L’État hébreu donne l’impression de se déliter au moment où les menaces externes grandissent. Les signaux d’alarme se multiplient.
Pour Benyamin Netanyahou et son ministre de la Justice, Yariv Levin, il n’était pas question d’attendre ! Tous deux voulaient faire adopter au plus vite leur projet de grande réforme du système judiciaire, avec, en point d’orgue, la nomination par la majorité au pouvoir des juges de la Cour suprême, laquelle perdrait ainsi son indépendance. En accompagnement, pas moins de 140 textes de loi qui, en cas d’adoption, transformeraient la démocratie israélienne en un régime illibéral, à la hongroise ou à la polonaise. Mais cela ne s’est pas passé comme prévu.
Acculé par une grève générale de la grande centrale syndicale de la Histadrout soutenue exceptionnellement par le patronat et face aux manifestations prodémocratie qui, au fil des semaines, avaient pris une ampleur quasi inédite depuis des décennies, Benyamin Netanyahou a fini par céder. Le 28 mars, le Premier ministre a décrété une pause dans le processus d’adoption du projet de réforme. Pourtant, il n’a pas renoncé. La suspension n’est effective, en principe, que jusqu’au 30 avril, date d’ouverture de la session d’été de la Knesset. D’ici là, sous la houlette du président de l’État, des représentants du gouvernement et de l’opposition tentent de parvenir à un compromis.
Les menaces
En attendant, le pays est plus divisé que jamais. Et les crises s’enchaînent. La première est sécuritaire. Face à l’agitation au sein de l’armée et en particulier chez les réservistes, qui menacent de ne plus rejoindre leurs unités si le pays n’était plus démocratique, Yoav Galant, le ministre de la Défense, a lancé, le 26 mars, un appel solennel demandant la suspension du processus législatif en cours. À ses yeux, cela représentait un danger clair, immédiat et concret pour la sécurité nationale. « Au moment où je vous parle, a-t-il dit, les menaces autour de nous sont importantes, autant sur des fronts lointains que proches. L’Iran n’a jamais été aussi près d’acquérir une capacité nucléaire militaire. Le terrorisme palestinien est en hausse. Et sur le front nord, l’ennemi se renforce. »

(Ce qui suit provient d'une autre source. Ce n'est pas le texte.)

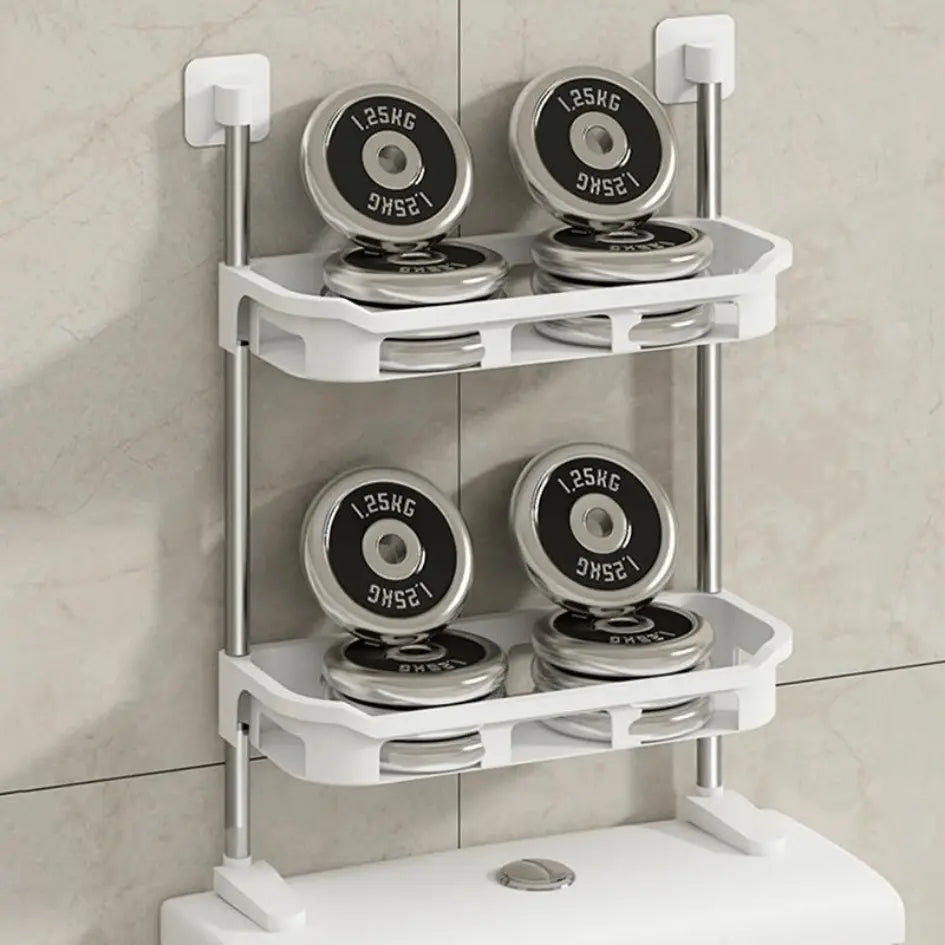 2 TIER WALL MOUNTED TOILET TANK TOP CADDY, BATHROOM ORGANIZER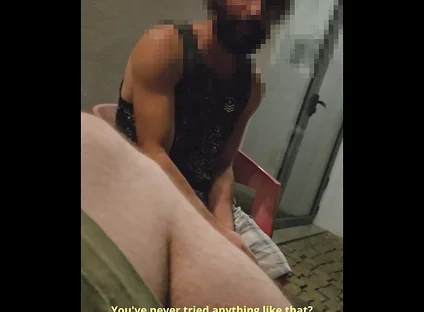 Random Straight Hairy Portuguese Guy with Big Dick Conviced to Get His First Gay Blowjob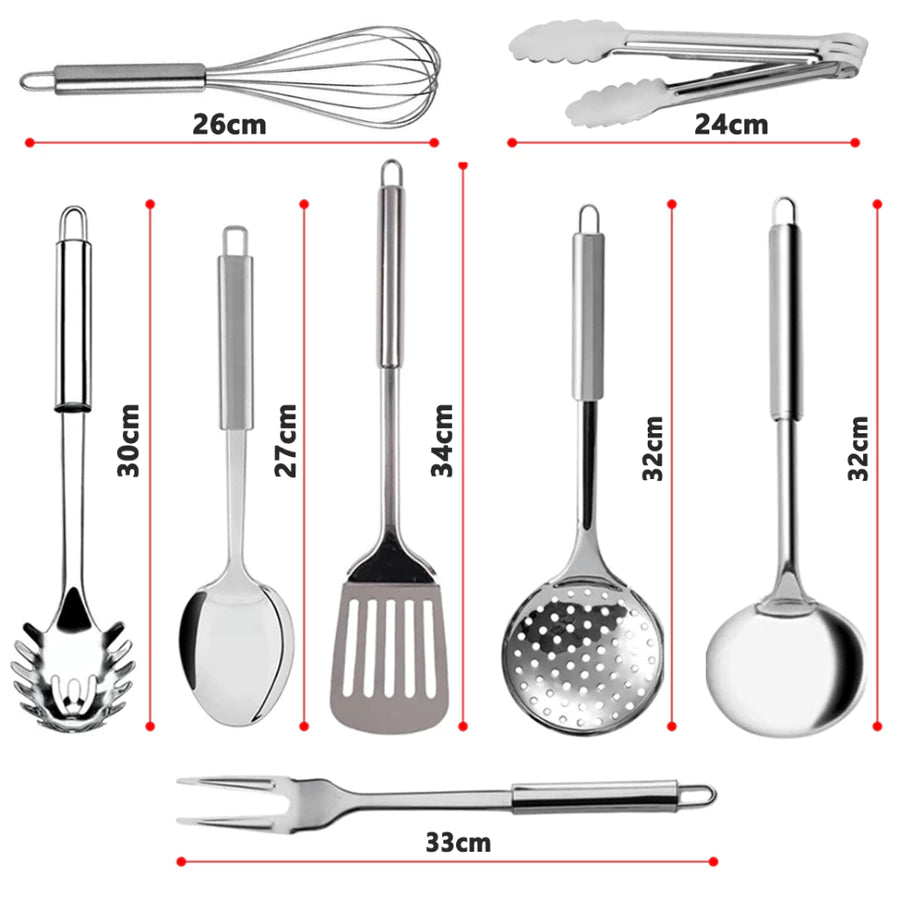 Kit 6 Utensílios de Cozinha em Aço Inox – Completo, Resistente e Elegante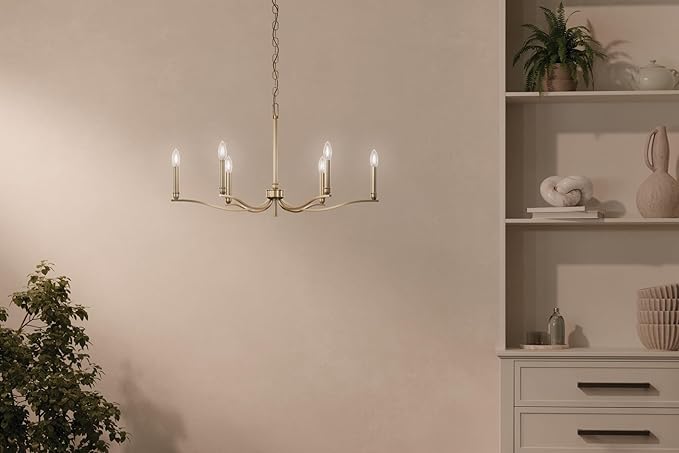 Kichler Malene 6-Light Chandelier, Updated Traditional Light in Champagne Bronze, Sloped Ceiling Compatible, for Foyer, Dining Room, Living Room or Bedroom (17.75" x 32"), 52695CPZ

Mal en a pris à Yoav Galant. Benyamin Netanyahou n’a pas apprécié cette prise de position alors qu’il était en visite à Londres. Vingt-quatre heures plus tard, il annonçait le limogeage de son ministre de la Défense. Il faut dire qu, depuis deux mois, le chef du gouvernement n’avait pas réuni son cabinet de sécurité. Selon certains, il n’aurait pas envie de se retrouver face à un chef d’état-major et des généraux très critiques de sa politique. Il préférerait également ne pas faire participer à ces réunions les ministres de l’extrême droite religieuse Itamar Ben-Gvir et Bezalel Smotrich, tous deux n’ayant aucune expérience en matière de défense nationale.
Pluie de roquettes
Les événements ont donné raison à Yoav Galant. En pleine fête de la Pâque juive, le front nord s’est embrasé. Depuis le sud du Liban et la Syrie, le Hamas a lancé plus d’une trentaine de roquettes contre Israël, du jamais-vu depuis 2006. Là encore, Netanyahou n’a pas eu d’autre choix que de réunir le cabinet de sécurité… avec Galant, dont il n’a toujours pas finalisé le limogeage. En dépit des attaques de l’extrême droite qui exigeait de frapper fort, la riposte a été limitée à quelques objectifs au Liban, en Syrie et à Gaza. Il n’y a pas eu de victime. Ce n’est pas le cas en Cisjordanie et en Israël même où les attentats se multiplient. Depuis le début de l’année, ils ont coûté la vie à 19 Israéliens, un touriste italien, une employée ukrainienne. Côté palestinien, le conflit a fait 91 morts parmi lesquels des combattants mais aussi des civils, dont des enfants.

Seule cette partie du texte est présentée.